2014 Game 158: Diamondbacks at Twins

I don't get to watch games between these teams unless I'm at work. Last night, I wasn't. Today I'm not either, as I do a rare Wednesday closing shift. Dumb. Neither team is worth watching, but I'm about to go six months without either of them, and it would have been nice to watch a game knowing that one of the teams has to win.

Vidal Nuno, the dude I saw pitch at Chase a couple of weeks ago who hasn't gotten a single Win despite not giving up a ton of runs, faces Phil Hughes, who's managed to pull down durned near a quarter of this team's pitching victories.

I suppose I'll be either be watching to cheer against Detroit winning the division, or to cheer against the Yankees making the postseason at all (I think the Orioles can knock them out by beating them this morning...ooh!). Bring this one home for me, gents.

31 thoughts on “2014 Game 158: Diamondbacks at Twins”

  1. Eh, the Yankees are effectively eliminated. They are behind two teams for the second wild card spot, five games behind the second wild card spot, with only five games remaining. They need the A's and the Royals to not win another game this season.
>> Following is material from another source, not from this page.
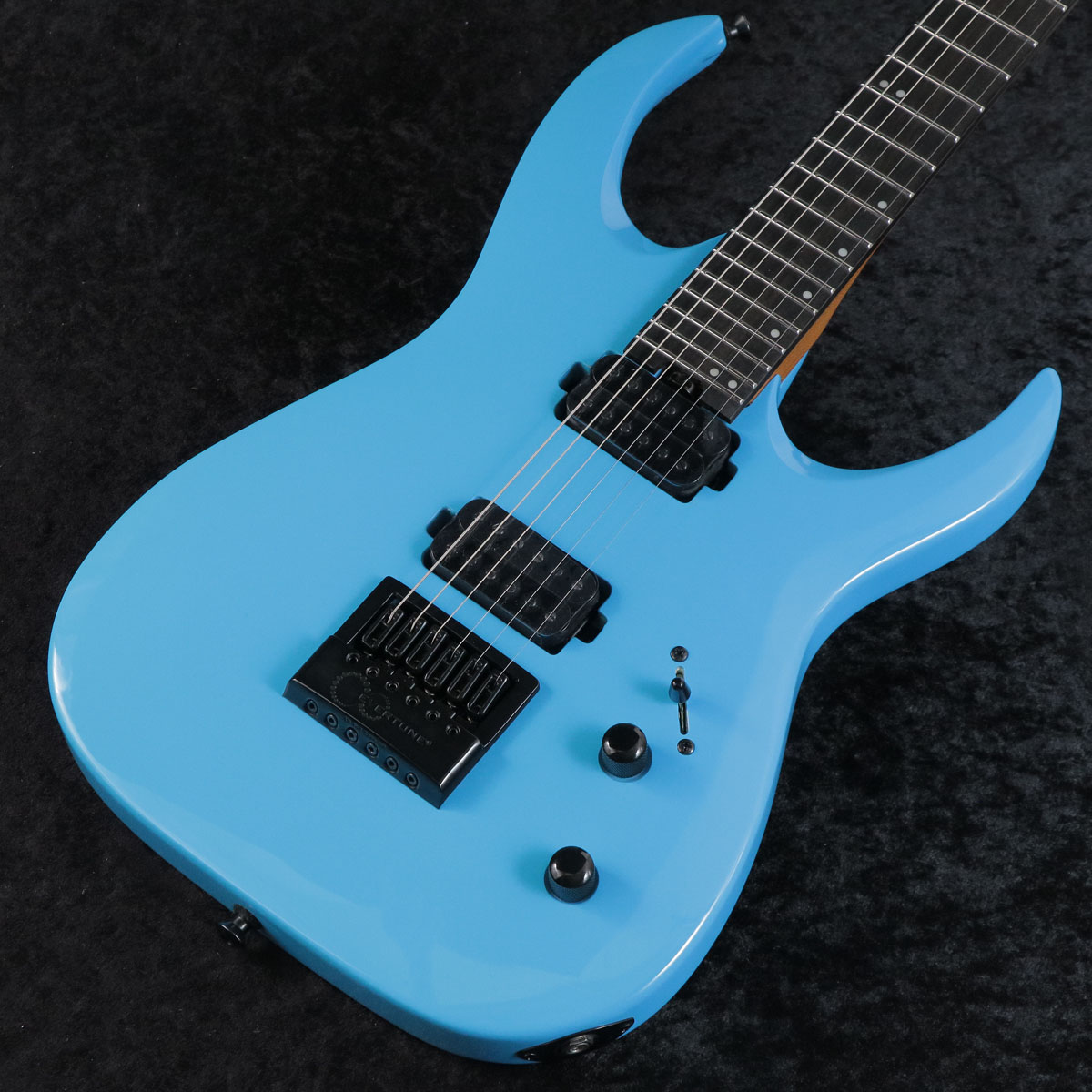 ishibashichamz's tweet image. 『Jackson / Pro Plus Series Signature Misha Mansoor Juggernaut ET6 Ebony Fingerboard Riviera Blue』
Djentムーブメントを率いたPeriphery のギタリスト『ミーシャ・マンソー』のシグネイチャーモデル！
ishibashi.co.jp/ec/product/0bb…

#Jackson 
#Periphery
And the Indians to win no more than four and the Mariners to win no more than three.

    1. I agree that the Yankees are effectively eliminated. But it will still be that One Shining Moment when they are completely eliminated.

  2. The MASN feed for the Orioles-Yankees game showed the Win % of each division. The guys were talking about being a bit surprised that the AL East was on top and said "Much was made before the season about how this was a pretty mediocre division this year, with a lot of potential .500 clubs, but they're leading the way again."

    The Win % of the AL East is .508. POINT ZERO ZERO EIGHT over the midpoint. This is a mediocre division. The next three are at .507, .504 and .501 (that's the AL Central - how many times has the AL Central finished above .500? Probably not many).

    1. Need to see it historically. With five teams in every division now, I would guess they are always close to .500.

      1. Yeah, the numbers would look a bit more impressive if they bothered to take out divisional games. 45% of the season's games automatically force each division to the exact midpoint. I wonder if they get that. It's simple math, but I try not to overestimate people. On a Twins board I used to follow years ago, the popular sentiment was that the AL Central was actually the best division in baseball but they "seemed to beat up on each other more than any other division." I couldn't get them to understand that every division beats up on itself the exact same amount.

        Tangentially related at best but still hilarious is that thing bS pointed out on FB a month or so ago - A&W's 1/3 pound burger failed in part because those polled overwhelmingly believed that the 1/4 pound burger they could get for the same price at McDonald's was bigger.

    1. What happened? I just saw there was a delay, haven't been following the game except the score updates...

      1. Five years back when Jeter started a small decline, I joked openly that he was going to play every day and take enough at-bats to actively harm the team's postseason chances once he started his farewell tour. It's not like I take pleasure in this because it's the myth and not the man that I dislike, but it does make me smile a bit that a win-obsessed franchise would allow sentiment to grow this strong.

  3. So apparently tomorrow is Jeter's last home game but it looks like a nasty storm is forecast and because it's Yanks v. O's probably no need to make it up. That means all those people who paid a huge premium to see Jeter's last game will only get the face value back from the Yankees. Darn.

    Also Hughes 1/3 inning from getting a $500k bonus. Do you put him out there on Sunday for an inning or do you just give him the 500 large?

      1. Ditto. My assumption was they wouldn't be able to just give him the money and I don't think risking him in a relief appearance is worth it. Unless it's to let him vulture a win to get his pitcher-win:walk ratio greater than 1.

    1. 11.63 k/bb - That's unbelievable.

      16 wins
      16 walks
      Over 200 innings...

      per a tweet from Tyler Mason, Hughes is the first pitcher to walk 16 or fewer in 200+ innings since 1882.

      I used to think I'd never see something to top Carlos Silva's '05 season. I think this does handily.

      1. one of those walks was an IBB. I know it still counts as a walk, but only 15 times did he pitch to a ball 4.

      2. I used to think I'd never see something to top Carlos Silva's '05 season. I think this does handily.

        Silva has the all-time best BB/9 for a qualified pitcher: 0.43. Second place is 0.62 and Hughes is at seventh* 0.71. Hughes did pitch 21.1 more innings but he nearly doubled Silva's walk total. Need a BB+ to see how much better than league average he is compared to Silva.

        * Seventh since 1901. Including the entire history of baseball (not fair to anyone post 1900), Silva drops to seventh and Hughes to 40th.